他们有一些第一行,我将直接跳过 before/after 阅读。
要保留的重要结构是 3 列中的 x
、y
和 t
数据。
我还需要将 "Label: Caja i" 添加到新列以使其成为 ID 列。每个 i 是每个实验单元。我在完整的数据集中一直到 24,并不总是按顺序。
接下来的问题是如何整理数据集,删除 x、y 和 t headers 并添加 "Caja" 标签。
这是我的数据子集,请注意实验单元记录之间的 NA 线。
dput(cucu)
structure(list(X = c("Key Images", "Title", "0:00:00:00", "",
"Track", "Label :", "Coords (x,y:px; t:time)", "x", "0", "-2",
"-11", "-5", "2", "5", "4", "2", "6", "6", "6", "6", "6", "6",
"7", "-7", "-29", "-27", "-10", "-2", "5", "7", "7", "8", "13",
"", "Track", "Label :", "Coords (x,y:px; t:time)", "x", "0",
"0", "0", "0", "0", "0", "0", "0", "0", "0", "0", "0", "0", "26",
"23", "29", "29", "29", "19", "13", "19", "25", "19", "6", "-1",
"", "Track", "Label :", "Coords (x,y:px; t:time)", "x", "0",
"3", "6", "17"), X.1 = c("", "Time", "0:00:00:00", "", "", "Caja 4",
"", "y", "0", "10", "-11", "2", "17", "29", "25", "12", "-9",
"0", "12", "28", "54", "84", "96", "105", "114", "114", "111",
"112", "111", "116", "120", "120", "127", "", "", "Caja 5", "",
"y", "0", "0", "0", "0", "0", "0", "0", "0", "0", "0", "0", "0",
"0", "44", "27", "12", "1", "0", "2", "3", "2", "-2", "1", "2",
"7", "", "", "Caja 6", "", "y", "0", "14", "32", "38"), X.2 = c("",
"", "", "", "", "", "", "t", "0:00:00:00", "0:00:00:14", "0:00:38:71",
"0:00:38:85", "0:00:39:00", "0:00:39:14", "0:00:39:28", "0:00:39:42",
"0:00:39:57", "0:00:39:71", "0:00:39:85", "0:00:40:00", "0:00:40:14",
"0:00:40:28", "0:00:40:42", "0:00:40:57", "0:00:40:71", "0:00:40:85",
"0:00:41:00", "0:00:41:14", "0:00:41:28", "0:00:41:42", "0:00:41:57",
"0:00:41:71", "0:00:41:85", "", "", "", "", "t", "0:00:00:00",
"0:00:00:14", "0:00:00:28", "0:00:00:42", "0:00:00:57", "0:00:00:71",
"0:00:00:85", "0:00:01:00", "0:00:01:14", "0:00:01:28", "0:00:01:42",
"0:00:01:57", "0:00:01:71", "0:00:40:28", "0:00:40:42", "0:00:40:57",
"0:00:40:71", "0:00:40:85", "0:00:41:00", "0:00:41:14", "0:00:41:28",
"0:00:41:42", "0:00:41:57", "0:00:41:71", "0:00:41:85", "", "",
"", "", "t", "0:00:00:00", "0:00:00:14", "0:00:00:28", "0:00:00:42"

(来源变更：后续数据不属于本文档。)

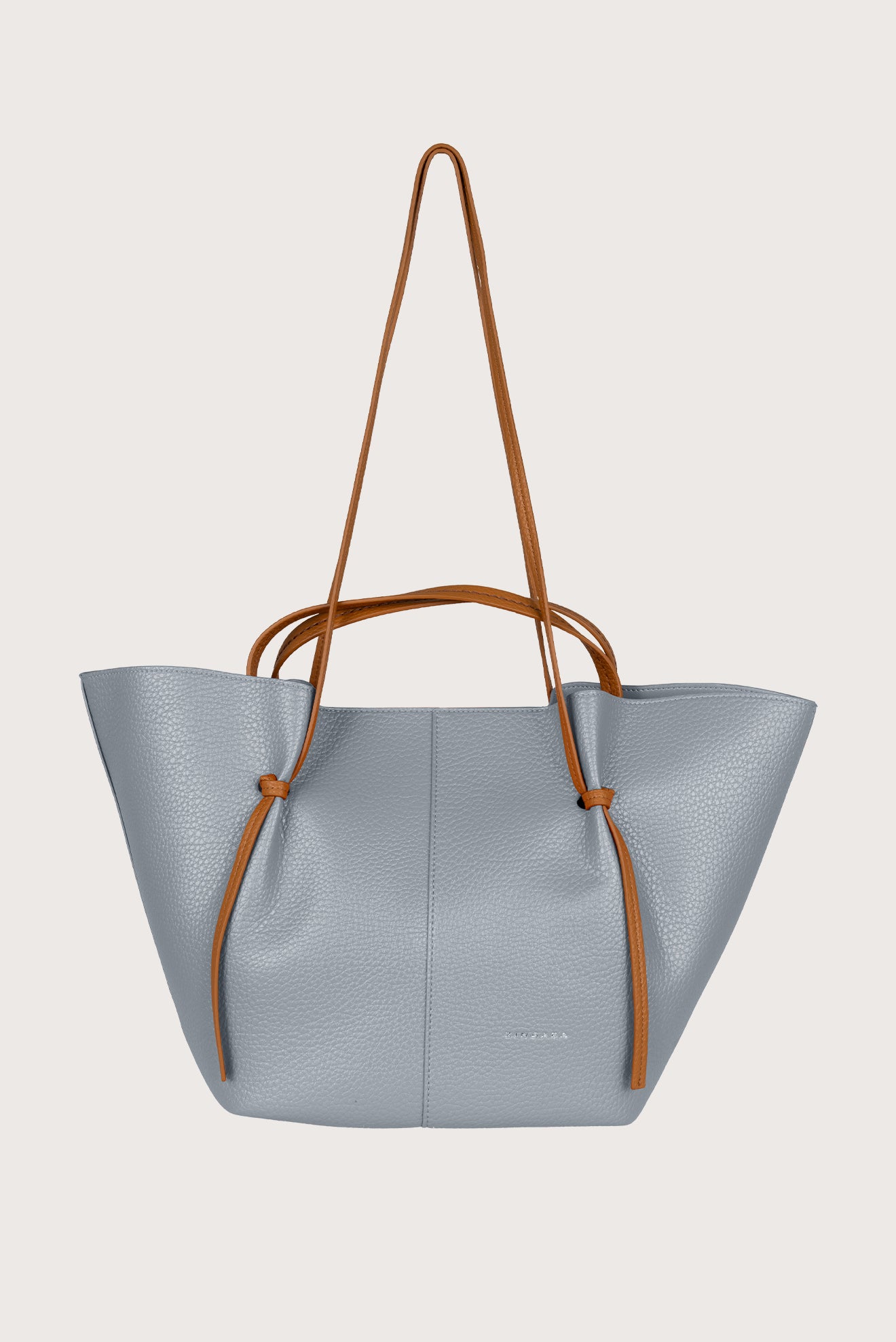 Bolsa grande color celeste con asas marrones, estilo moderno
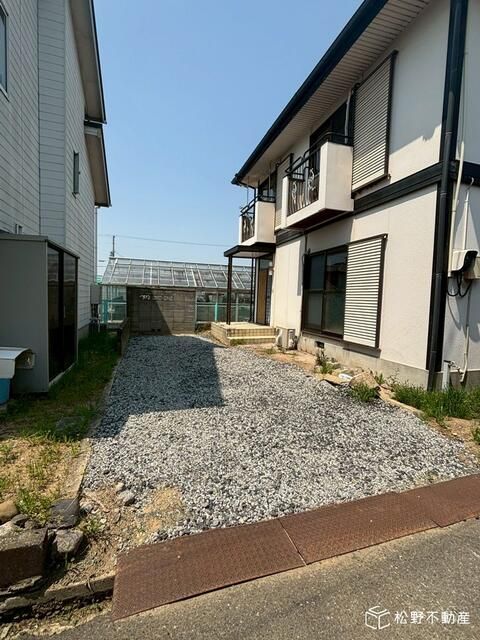 4DK House for Sale in Sanuki City, Kagawa - 80.3 sqm - Thumbnail 2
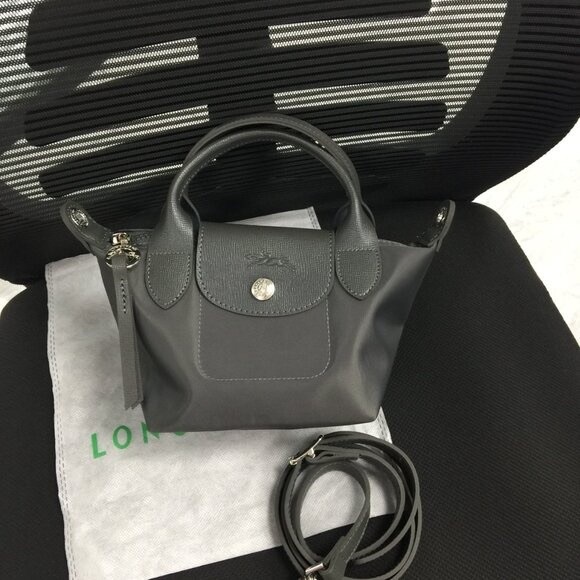 ✨️RARE Longchamp✨️ - mini pouch grey shoulder bag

)), .Names = c("X", "X.1", "X.2"), row.names = c(1L, 2L, 3L,
4L, 5L, 6L, 7L, 8L, 9L, 10L, 280L, 281L, 282L, 283L, 284L, 285L,
286L, 287L, 288L, 289L, 290L, 291L, 292L, 293L, 294L, 295L, 296L,
297L, 298L, 299L, 300L, 301L, 302L, 303L, 304L, 305L, 306L, 307L,
308L, 309L, 310L, 311L, 312L, 313L, 314L, 315L, 316L, 317L, 318L,
319L, 320L, 590L, 591L, 592L, 593L, 594L, 595L, 596L, 597L, 598L,
599L, 600L, 601L, 602L, 603L, 604L, 605L, 606L, 607L, 608L, 609L,
610L), class = "data.frame")
这是一个伪造的预期输出,其中 "Caja" 作为所提到的每个级别的 ID 列。
dput(df)
structure(list(Caja = c(4, 4, 4, 4, 4, 4, 4, 4, 4, 4, 5, 5, 5,
5, 5, 5, 5, 5, 5, 5, 6, 6, 6, 6, 6, 6, 6, 6, 6, 6), x = c(-3.07268932779439,
0.484266873196818, 0.917705630758503, 1.03584730496379, 0.838625757843941,
0.647284457113794, 1.85357454343089, 1.33693715439301, 0.293179064796777,
0.00633063048373611, 0.612938289390049, -0.50539082918022, 0.251496480385252,
-1.75717878846605, 1.00013191487416, -1.52759310599809, 0.372782154041601,
-1.43694367534352, 1.02558031999024, 1.35942769142916, -0.442425921092658,
1.08025883023299, 0.715069454457284, -0.479919179648368, -1.02735585729109,
-0.242179335814154, 1.12564595565253, 1.98471585124264, 0.804050335171037,
-0.190691648766175), y = c(-0.897147705248384, 0.226793982297109,
0.10644613224225, 0.99551047056361, -0.526239601986565, 0.75860661193569,
-0.481560713881324, 0.280105671338355, 0.997811189730975, 0.491707670881505,
-0.279446168649783, 0.440627202618172, 0.95354565418694, -1.70769016339517,
-1.53381426766088, -0.0544834794352239, -1.20106285132598, -0.333373160001734,
-1.20248240636362, -1.04874198341736, 0.181810095042002, -0.423574476932895,
-1.62483188394934, 1.21775369607968, 1.14458843271056, 0.373070235147697,
0.409431464558393, -0.213415686981125, -0.347800469559547, 0.185367109684458
), t = c(2.32451959770308, 0.692272863593035, -1.89883997859401,
-0.223727358926319, 0.995802018891691, 0.732823865155816, 0.961381338943591,
0.793294686992325, -1.54254907957044, 0.378897583645236, -0.818413418720775,
-0.502999381649839, 0.103448616784216, -0.455956879543311, -1.33974211593966,
1.33950932984407, 0.281470433388303, -0.670832974337081, -0.654599666494088,
-0.486434674492362, -0.0600488930758214, 0.302971586427514, 1.91331234891505,
-0.638758602719345, 0.975063194257583, -0.544269357921009, -0.129239918745744,
0.167815176992696, 1.64640395321812, -1.26864285133868)), .Names = c("Caja",
"x", "y", "t"), row.names = c(NA, -30L), class = "data.frame")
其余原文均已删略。